Matty is the problem with Newera. Miguel's problem is that he doesnt care and businesses that dont care, dont last. Let time take its toll. Self regulating like that.


----------



## goghat (May 13, 2007)

I'm sorry but I have had only good experiences with newera, they have supplied me with many parts, both for my 33 and 34, I don't understand the above car, but I will continue to use them.


----------



## GTRNICK (Apr 29, 2005)

I bought my GTR last quarter of last year and spent 6.5k with NewEra and was delayed for months for one and given a stupid excuse, number 2 Matty is a first class c0ck. Another thing I've noticed about Matty is he seems to sh!t on a lot of people's threads. Personally I think he should p!ss off.


----------



## TREG (May 20, 2004)

goghat said:


> I'm sorry but I have had only good experiences with newera, they have supplied me with many parts, both for my 33 and 34, I don't understand the above car, but I will continue to use them.




Likewise.
Dealt with Newera and had no problems at all.

Get on well with Matty as he's always looked after me with the parts bought and been fair with the price.


----------



## Turbodailydan (Mar 1, 2012)

Makes me wonder how thorough their checks are on the cars they buy to sell on. Especially something like jacking points which everyone knows is a common issue with these cars, and the fact they usually mention When advertising the cars that the jacking points are not crushed bla bla bla.. If I was having an old car imported I know I would want to see detailed pics of the underside before any funds leave my wallet. Do they not got to this detail for the buyers?


----------



## GTRSTILL (Jul 27, 2006)

GTRNICK said:


> I bought my GTR last quarter of last year and spent 6.5k with NewEra and was delayed for months for one and given a stupid excuse, number 2 Matty is a first class c0ck. Another thing I've noticed about Matty is he seems to sh!t on a lot of people's threads. Personally I think he should p!ss off.


Takes a great deal to wind you up Nick! Blimey... first ever post like this


----------



## GTRNICK (Apr 29, 2005)

GTRSTILL said:


> Takes a great deal to wind you up Nick! Blimey... first ever post like this



I know bro but im fed up of reading about this twat. I don't mean to offend anyone else on here and there are some happy people which is good, this is just my perspective.

Unfortunately I can be very blunt when push comes to shove.


----------



## CT17 (Mar 25, 2011)

Just seems like a sly dig at Newera by another trader who has had a run in with them before.

Never had a problem with them.
Bought my R32 from them two and a half years ago and it's still mint.

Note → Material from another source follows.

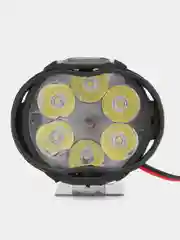 Светодиодная фара 10 W круглая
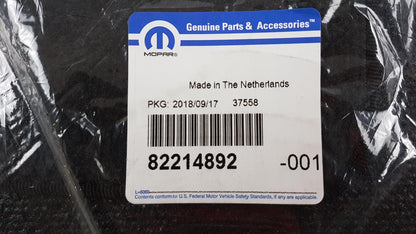 Original OE FIAT Fußmattensatz 82214892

Personally I find thier cars a bit highly priced these days but still use them for parts and get good service and competitive pricing.

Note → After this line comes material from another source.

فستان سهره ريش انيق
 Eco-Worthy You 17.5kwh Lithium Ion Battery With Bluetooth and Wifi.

One of the worst thing about these cars is the back stabbing traders and forums/club politics.
Sad.


----------



## RSVFOUR (May 1, 2006)

If anyone makes a pint of saying how good their sourcing is with all cars being personally inspected in Japan etc etc then they should expect to be judged accordingly especially if their prices are usually top end.

Of course if those cars are mint then thats fine and its up to buyers to decide .


----------



## Euroexports (Dec 14, 2011)

CT17 said:


> One of the worst thing about these cars is the back stabbing traders and forums/club politics.
> Sad.





read you words carefully, ive said what I had to say open and its all for there to see. but as your a batty32 fanboy you don't see or consider the way he operates, this is my point exactly for years they have been slagging off everyone behind peoples back , 

but fanyboys will be fanboys


----------



## GTRSTILL (Jul 27, 2006)

Fools and their money are easily parted 

Whats more foolish is following or listening to these fools.


----------



## FRRACER (Jun 23, 2013)

Fanboys keep cowboys in business. Say anything they defend them out of blind loyalty.


----------



## CT17 (Mar 25, 2011)

euroexports said:


> read you words carefully, ive said what I had to say open and its all for there to see. but as your a batty32 fanboy you don't see or consider the way he operates, this is my point exactly for years they have been slagging off everyone behind peoples back ,
> 
> but fanyboys will be fanboys


I am not a fanboy. I've never had issues with them at all. Am I not allowed to say that in public?
Didn't I say I find their cars a bit overpriced now?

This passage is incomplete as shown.